Step away from the crazy?


Dana - Jul 28, 2008 12:56:40 pm PDT #30 of 10003
"I'm useless alone." // "We're all useless alone. It's a good thing you're not alone."

[link]


Cashmere - Jul 28, 2008 12:56:56 pm PDT #31 of 10003
Now tagless for your comfort.

I think the Nanny/Assistant ad is the Project Runway lady. I suspect anyone answering that ad will be sorry they did.

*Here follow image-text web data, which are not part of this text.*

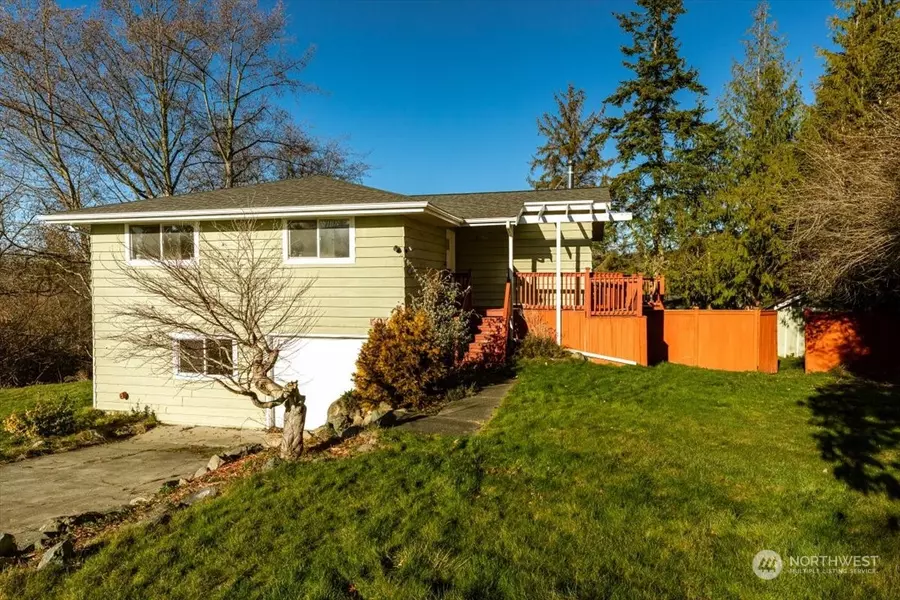 5059 Deception CIR, Oak Harbor, WA 98277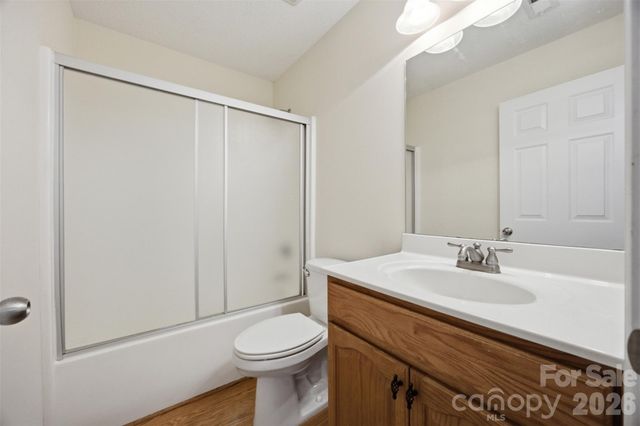 125 Shady Bluff Drive, Gastonia, NC 28052
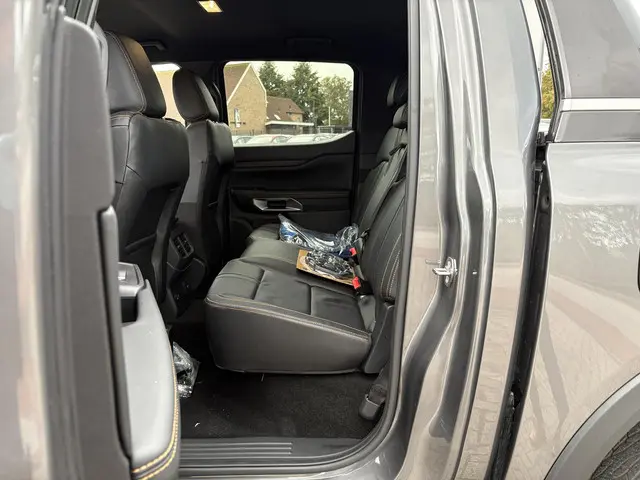 Ford Ranger 2.3 PHEV Wildtrak Double Cab 2025 Diesel 19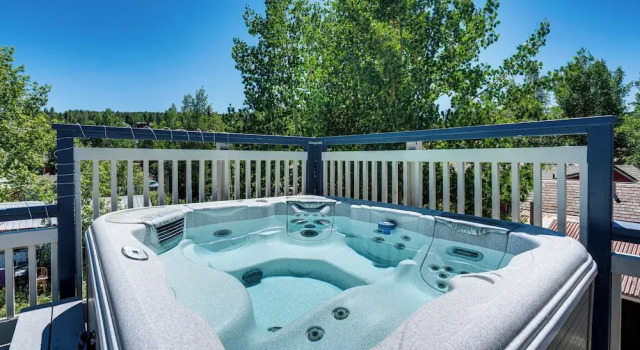 Steps From Central Downtown: Breckenridge Home, Rezerwuj Dom wakacyjny Hotele w Vail Ski z parkingiem, Parking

I took the kids to the gym with the express purpose of working out. But when I dropped them in the childcare (they were the only kids there), I snuggled down on the pillows they have in the book corner and promptly fell asleep. The nice girls working just let me take an hour long nap while they played with the kids.


Toddson - Jul 28, 2008 12:59:16 pm PDT #32 of 10003
Friends don't let friends read "Atlas Shrugged"

Cash, that's probably a very healthy thing for you to do. Yay nap!


amych - Jul 28, 2008 1:00:14 pm PDT #33 of 10003
Now let us crush something soft and watch it fountain blood. That is a girlish thing to want to do, yes?

If I were the oldest child in the Nanny Ad family, I'd've picked a college a whole lot further away than just across town.


megan walker - Jul 28, 2008 1:02:26 pm PDT #34 of 10003
"What kind of magical sunshine and lollipop world do you live in? Because you need to be medicated."-SFist

Old money represent!

I mean it's a crazy job posting but they are offering up to 75k +OT with full health benefits, so if you can deal with the crazy, then it's at least well compensated.

This is true. But that is not a nanny job. Kids that are teenagers and above do not need nannies. Of course, most people who have nannies would not add in animals when they count their family members either. That woman is so not from Old Money.

I think the Nanny/Assistant ad is the Project Runway lady. I suspect anyone answering that ad will be sorry they did.

No way would Laura run an ad like that. And she has six young kids.


Kat - Jul 28, 2008 1:02:46 pm PDT #35 of 10003
"I keep to a strict diet of ill-advised enthusiasm and heartfelt regret." Leigh Bardugo

amych, HAAHAHAH! So true. Unless oldest child in Nanny Ad family LIKES being infantilized?


Toddson - Jul 28, 2008 1:02:50 pm PDT #36 of 10003
Friends don't let friends read "Atlas Shrugged"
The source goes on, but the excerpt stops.